Drummer's Skyfall 31B v4.2 aka SKYFALL-31B-V4.2-UNCENSORED-OPUS-4.6-ROLEPLAYING-100000X-XTREME-VALUE

Posted by TheLocalDrummer@reddit | LocalLLaMA | View on Reddit | 28 comments

Yes, Google stole my proprietary model size (31B). Yes, I plan to tune all the Gemma 4 models. Join us, and support the mission! Thank you all for the love <3

[-]

Specter_Origin@reddit

can someone make finetune of 26b-b4a which is better at function calling for opencode and cline, it seems to fall flat overtime on complex write calls xD

[-]

Specter_Origin@reddit

Btw, it was a parser issue on llama.cpp which has been fixed in new release, so if you are experiencing it please update your llama.cpp.

[-]

LoveMind_AI@reddit

joining the choir of people who very much want a drummer Gemma 4!

[-]

Nrgte@reddit

Okay what's the difference compared to 4.1?

[-]

Internet-Buddha@reddit

How does this compare to Magidonia, which is one of my favorite models!

[-]

rc_ym@reddit

It's worth it to try. I like it. It seems to have richer language but a very, very slight increase in non-sequiturs and impossiblisms. Very similar performance even with the larger size.

[-]

Sirosky@reddit

It's an upscale of Mistral Small, so it'll be better just by virtue of being larger. But in general, this model is exceptional, even by upscale standards.

[-]

AnonLlamaThrowaway@reddit

Can you explain what an "upscale" means vs a regular fine tune?

[-]

ttkciar@reddit

> Skyfall is "upscaled". How does that work?

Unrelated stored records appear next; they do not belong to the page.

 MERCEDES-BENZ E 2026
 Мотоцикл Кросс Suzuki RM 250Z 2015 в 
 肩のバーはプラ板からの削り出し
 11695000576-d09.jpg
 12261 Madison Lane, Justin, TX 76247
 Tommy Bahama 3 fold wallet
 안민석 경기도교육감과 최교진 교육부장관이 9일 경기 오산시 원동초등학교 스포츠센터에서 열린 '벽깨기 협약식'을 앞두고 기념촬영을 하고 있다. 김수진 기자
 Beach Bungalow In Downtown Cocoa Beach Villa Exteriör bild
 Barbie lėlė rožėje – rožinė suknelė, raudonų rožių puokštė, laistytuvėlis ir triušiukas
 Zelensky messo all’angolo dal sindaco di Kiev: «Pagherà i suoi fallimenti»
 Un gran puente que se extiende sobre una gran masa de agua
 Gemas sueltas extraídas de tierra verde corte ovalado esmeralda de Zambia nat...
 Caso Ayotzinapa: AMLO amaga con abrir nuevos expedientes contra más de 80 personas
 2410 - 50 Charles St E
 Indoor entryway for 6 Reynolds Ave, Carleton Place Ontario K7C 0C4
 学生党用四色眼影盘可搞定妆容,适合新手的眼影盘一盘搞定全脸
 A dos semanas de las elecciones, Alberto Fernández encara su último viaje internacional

It works by using Goddard's mergekit (or equivalent technology) to make something called a "passthrough self-merge". This means making a new model from the first two-thirds of its layers (or thereabouts; it usually needs some trial and error to find the right cut-off) and the last two-thirds of its layers, appended to each other.

This results in a model about 30% larger, because some middle layers have been duplicated. This has two effects:

Heuristics (generalized knowledge) which are encoded in this middle layer get applied twice, which means they present more strongly in the inference result,
It adds some redundancy to the model's parameters, so that further training is less likely to obliterate something important (what the field calls "catastrophic forgetting"). The optimizer (AdamW or whatever) is able to repurpose some of those parameters to encode new heuristics without losing the old ones.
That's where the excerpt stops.